The authors do, correctly state, that failure is part of the learning process. Something which too many fail to recognize and execute. Too often, we tend to punish failure and we fail to understand what caused the failure, taking corrective action.
The authors, also, talk about how organizations can leverage approaches that reduce the likelihood of failure or the consequences of failing. Well duugghhh!!! We should never purposefully seek to fail. We should do everything to maximize our likelihood of success. We should understand the potential risks, and the consequences of failure. We must make sure those consequences are acceptable. At the same time, “acceptability, ” to some may mean losing everything.
The social psycho-babble around failure usually seeks to remove personal accountability for the consequences of failure. If failure is OK and safe, we will enable more people to take chances to fail.
Implicitly, however, making failure safe means we design for failure, not design for success. If there are no risks, if there are no consequences, then we are likely to be sloppy and careless in our execution. We are likely to do things, from which there is little to learn other than sloppiness in execution.
This article, as with most others, cites famous “failures.” Whether it was Edison inventing the light bulb, numerous entrepreneurs starting and failing, finally stumbling on a unicorn. But none of these famous examples of “failures,” did what they did because it was safe to fail. In fact, most of them recognized the consequences of failure may have been losing everything and having the courage to start again.

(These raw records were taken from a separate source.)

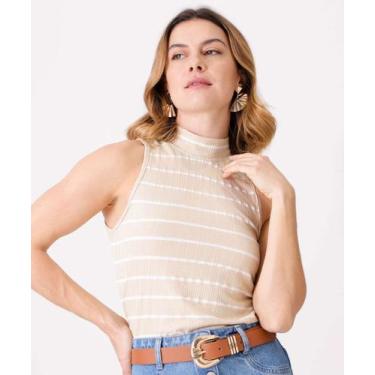 Imagem de Blusa Feminina Listrada Gola Alta Sem Manga Marisa-01085, Bege, M
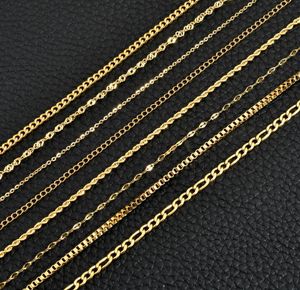 Chaîne de collier en acier inoxydable plaqué or 18 carats, différents Styles, chaînes en or et en argent pour la fabrication de bricolage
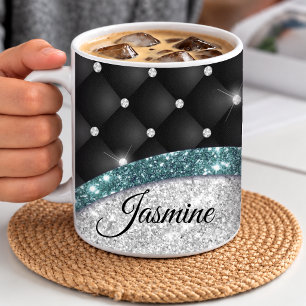 Chic girly faux Silver glitter black teal monogram Coffee Mug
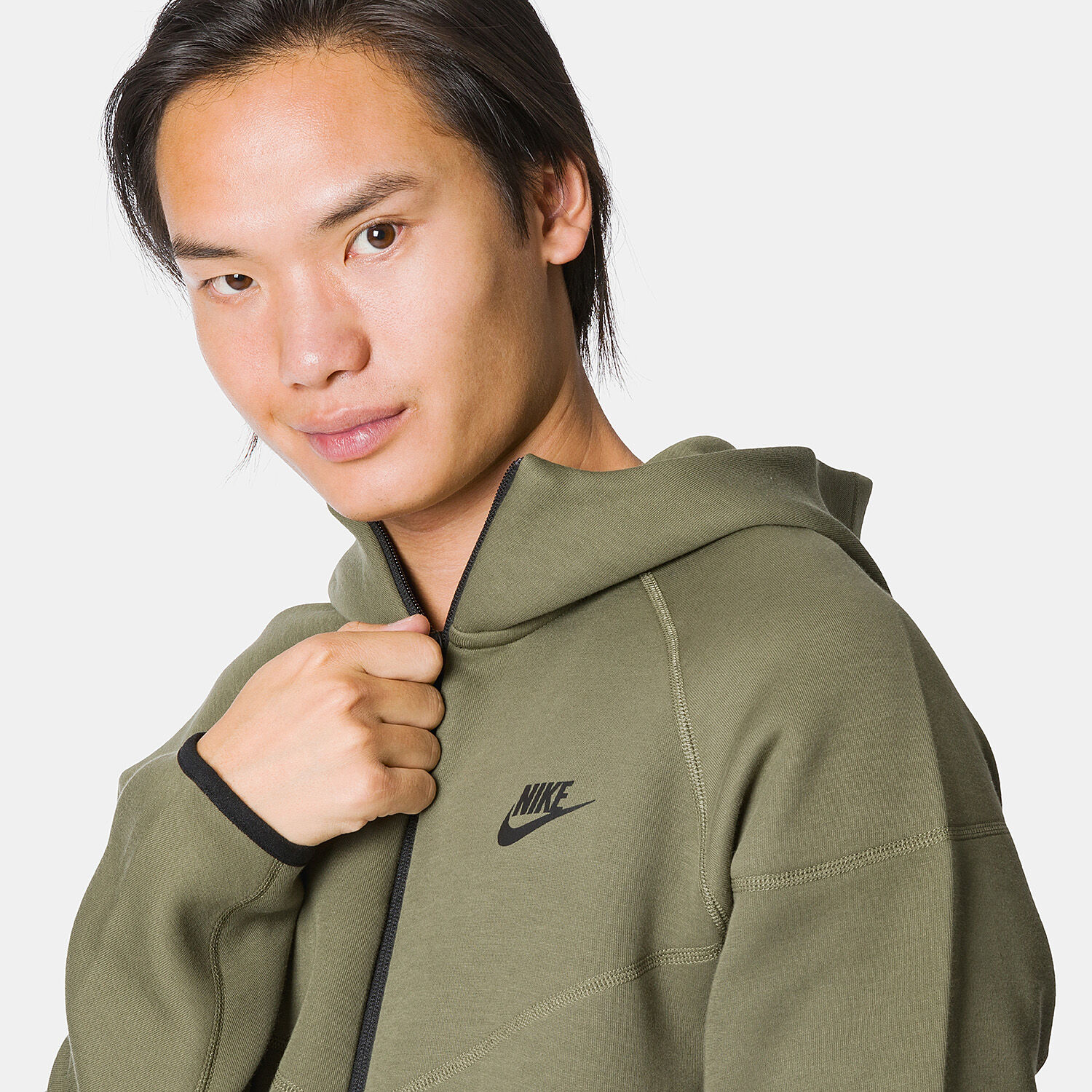 Nike tech fleece windrunner hoodie green hotsell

They understood and took personal accountability for the consequences of failure. They did everything they could to design and execute for success, knowing there was no safety net.
There should be no safety net for failure. There should be accountability, there should be consequences around failure. Some of those may be small, if the consequences and risks are small. Some may be large and only certain people will be prepared to accept that challenge.

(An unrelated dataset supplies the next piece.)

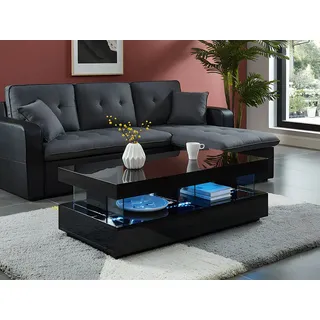 Couchtisch mit 2 Schubladen + 2  Ablagen + LEDs - MDF lackiert - Schwarz - FABIO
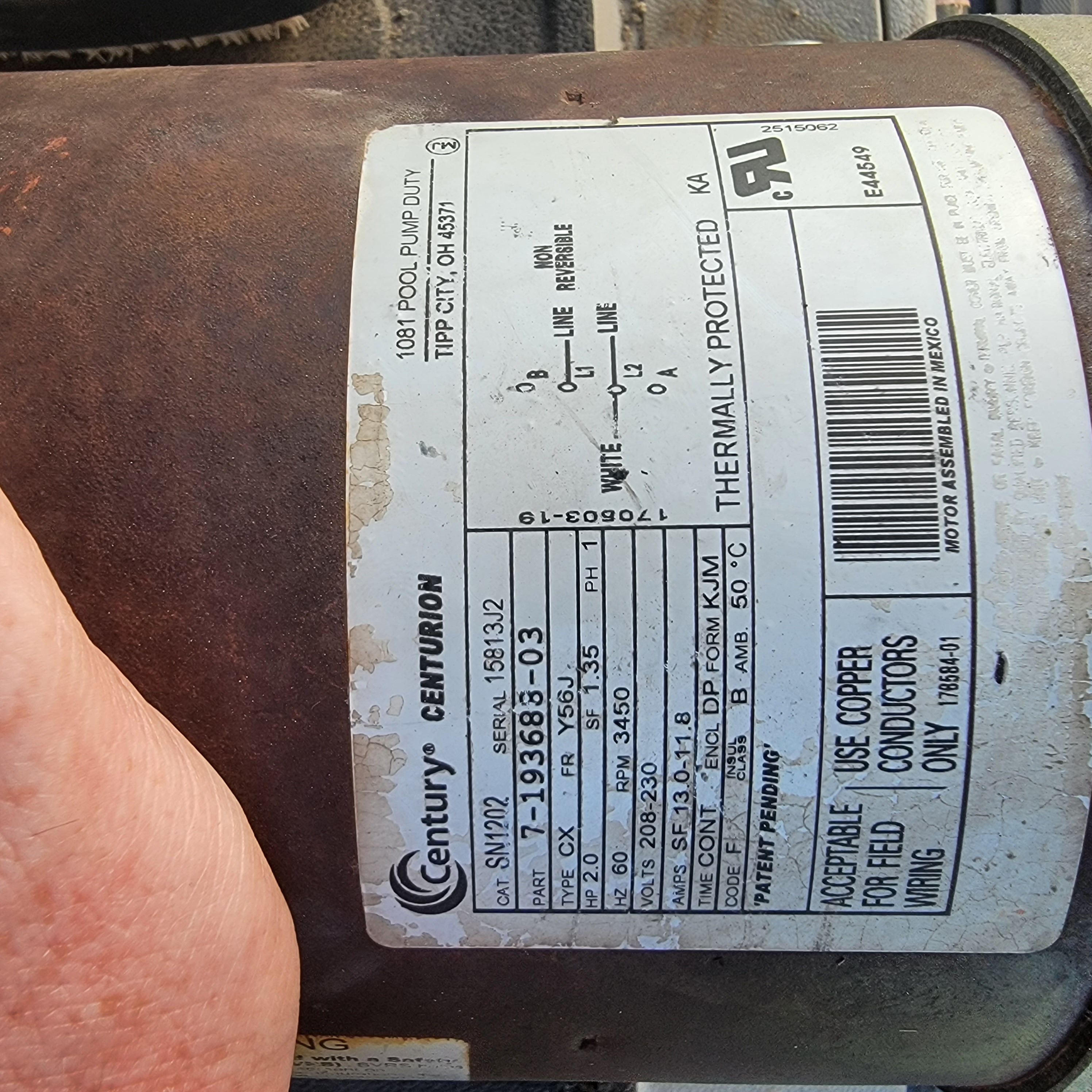 Questions for Century (A.O. Smith) 2.0 HP Up Rate Motor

What we miss in understanding failure is understanding resilience. We don’t want to make it safe to fail, we want to improve the resilience in dealing with failure.
Resilience is all about learning–even if those lessons are very painful. Resilience is about having the courage and personal drive to pick one’s self up, again, and keep trying.
We are better than this.
Patrick Spencer says
Dave, this was an interesting read, and I agree with your viewpoint. Making an environment “safe to fail” allows people to run their sales plans in a potentially sloppy manner, thinking they will be “forgiven” for not doing their job – this is unacceptable. I was recently asked to manage a sales team that was 2,000 miles away. At a high level, that’s possible, we all can work remote with the tools we have. However, the problem was that this is public sector, which is what I call a “geo-centric” sales process where being “in market” is crucial to staying relevant with the state and local agencies you are trying to do business with. Well, 5 months later, me and the CEO are calling this a “failure”. We need a local Director of Sales that can be a player-coach and in market to facilitate building relationships and coaching the sales team on a daily basis. Now, was it a failure. Yes. Am I being fired, absolutely not. We knew what the risks were, we put together a good plan 5 months ago with the intent of being successful. To your point, we built resiliency into the plan, and will now make the necessary changes and move on to be much more successful in the space.